Documentación de Oracle Cloud Infrastructure

Introducción a las políticas

Si no está familiarizado con las políticas de Oracle Cloud Infrastructure Identity and Access Management (IAM), este tema proporciona información sobre cómo proceder.

Si va a realizar una prueba de concepto

Si solo está probando Oracle Cloud Infrastructure o está realizando un proyecto de prueba de concepto con recursos de infraestructura, puede que solo necesite unos pocos administradores con acceso completo a todo. En ese caso, basta con crear los nuevos usuarios que necesite y agregarlos al grupo Administradores. Los usuarios podrán realizar cualquier acción con cualquier tipo de recurso. Asimismo, puede crear todos sus recursos directamente en el arrendamiento (el compartimento raíz). Todavía no necesita crear compartimentos ni ninguna otra política, excepto la política de administración de arrendatario, que se incluye automáticamente con su arrendamiento y no se puede cambiar.

Nota

No olvide agregar sus nuevos usuarios al grupo Administradores. Es fácil olvidarse de hacerlo después de crearlos.

Si ya ha pasado la fase de prueba de concepto

Si ya ha pasado la fase de prueba de concepto y desea restringir el acceso a sus recursos, primero:

Preguntas frecuentes de políticas

¿A qué servicios de Oracle Cloud Infrastructure puedo controlar el acceso mediante políticas?

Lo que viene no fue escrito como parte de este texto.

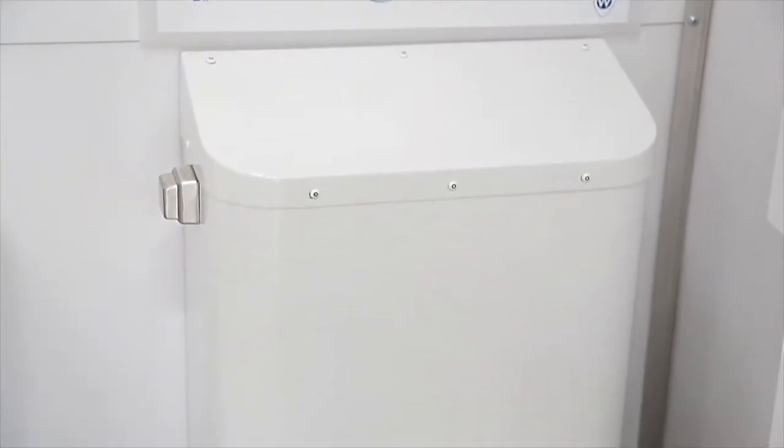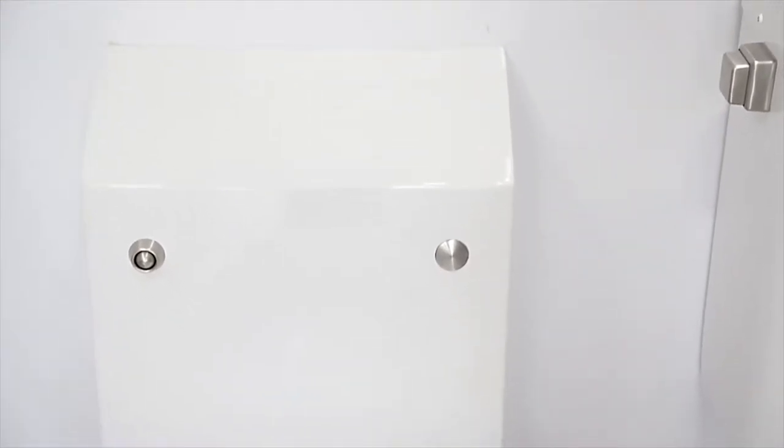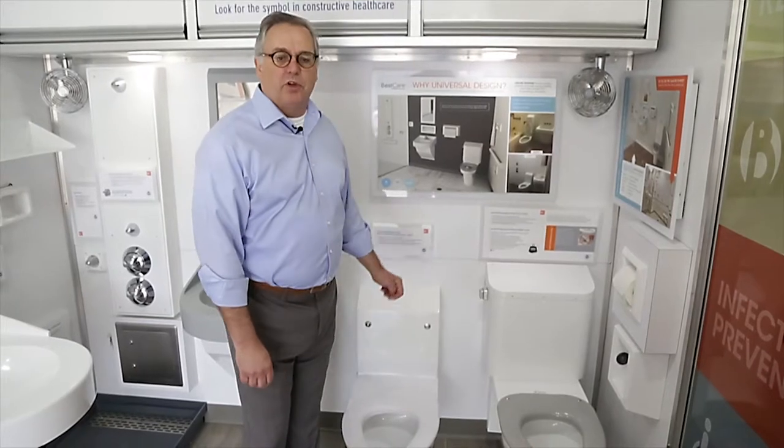The other toilets that we have can either have a top supply, as this one is, or a recessed wall supply. They can be ADA accessible or just standard push buttons.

A todos ellos, incluido el propio IAM. Puede encontrar detalles específicos para la escritura de políticas para cada servicio en la Visión general de las políticas de IAM.

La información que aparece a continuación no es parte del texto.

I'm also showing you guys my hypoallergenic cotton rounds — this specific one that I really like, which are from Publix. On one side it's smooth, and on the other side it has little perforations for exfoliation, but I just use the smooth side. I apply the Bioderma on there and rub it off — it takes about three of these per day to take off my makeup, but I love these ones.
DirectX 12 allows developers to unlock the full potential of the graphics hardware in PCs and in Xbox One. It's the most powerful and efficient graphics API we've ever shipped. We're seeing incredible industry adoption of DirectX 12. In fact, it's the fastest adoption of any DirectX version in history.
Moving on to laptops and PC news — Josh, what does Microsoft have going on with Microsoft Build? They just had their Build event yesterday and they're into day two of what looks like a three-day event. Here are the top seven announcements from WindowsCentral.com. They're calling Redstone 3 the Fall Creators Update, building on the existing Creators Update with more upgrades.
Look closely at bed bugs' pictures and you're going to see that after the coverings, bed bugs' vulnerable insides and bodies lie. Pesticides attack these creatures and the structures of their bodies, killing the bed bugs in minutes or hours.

¿Los usuarios pueden llevar a cabo alguna acción sin que un administrador escriba previamente una política?

Sí. Todos los usuarios pueden realizar automáticamente las siguientes tareas sin una política explícita:

  • Cambiar o restablecer su propia contraseña de consola.
  • Gestionar sus propias claves de firma de API y otras credenciales.
¿Por qué debo separar los recursos por compartimento? ¿No podría colocar todos los recursos en un compartimento y, a continuación, utilizar políticas para controlar quién tiene acceso a cada recurso?

Puede colocar todos sus recursos en un solo compartimento y utilizar políticas para controlar el acceso, pero entonces perdería las ventajas de medir el uso y la facturación por compartimento, la administración simple de políticas a nivel de compartimento y la separación clara de recursos entre proyectos o unidades de negocio.

¿Puedo controlar o denegar el acceso a un usuario individual?

Sí. Sin embargo, algunos aspectos que hay que conocer primero:

  • Las grandes empresas suelen tener varios usuarios que necesitan permisos similares, por lo que las políticas están diseñadas para proporcionar acceso a grupos de usuarios, no a usuarios individuales. Un usuario obtiene acceso por el hecho de estar en un grupo.
  • Las políticas están diseñadas para permitir el acceso. No hay ninguna "denegación" explícita al escribir una política.

Si necesita otorgar acceso a un usuario determinado, puede agregar una condición a la política que especifique el OCID del usuario en una variable. Esta construcción restringe el acceso otorgado en la política solo al usuario especificado en la condición. Por ejemplo:

allow any-group to read object-family in compartment ObjectStorage where request.user.id ='ocid1.user.oc1..<user_OCID>'

Para obtener más información sobre el uso de condiciones y variables en políticas, consulte Condiciones.

Si necesita restringir el acceso de un usuario concreto, puede:

  • Eliminar al usuario del grupo de interés concreto
  • Suprimir por completo de IAM al usuario (primero deberá eliminar al usuario de todos los grupos)
¿Cómo puedo suprimir un usuario?

Asegúrese primero de que el usuario no está en ningún grupo. Solo entonces podrá suprimir el usuario.

¿Cómo puedo saber qué políticas se aplican a un grupo o usuario concretos?

Deberá examinar las sentencias individuales de todas sus políticas para ver las sentencias que se aplican a cada grupo. Actualmente no hay una forma sencilla de obtener esta información.

¿Cómo puedo saber qué políticas se aplican a un compartimento concreto?

Debe consultar las sentencias individuales en todas las políticas del arrendamiento para ver si alguna se aplica al compartimento concreto. También debe consultar las políticas del compartimento en sí. Las políticas de los compartimentos hermanos no pueden hacer referencia al compartimento de interés, por lo que no necesita comprobar esas políticas.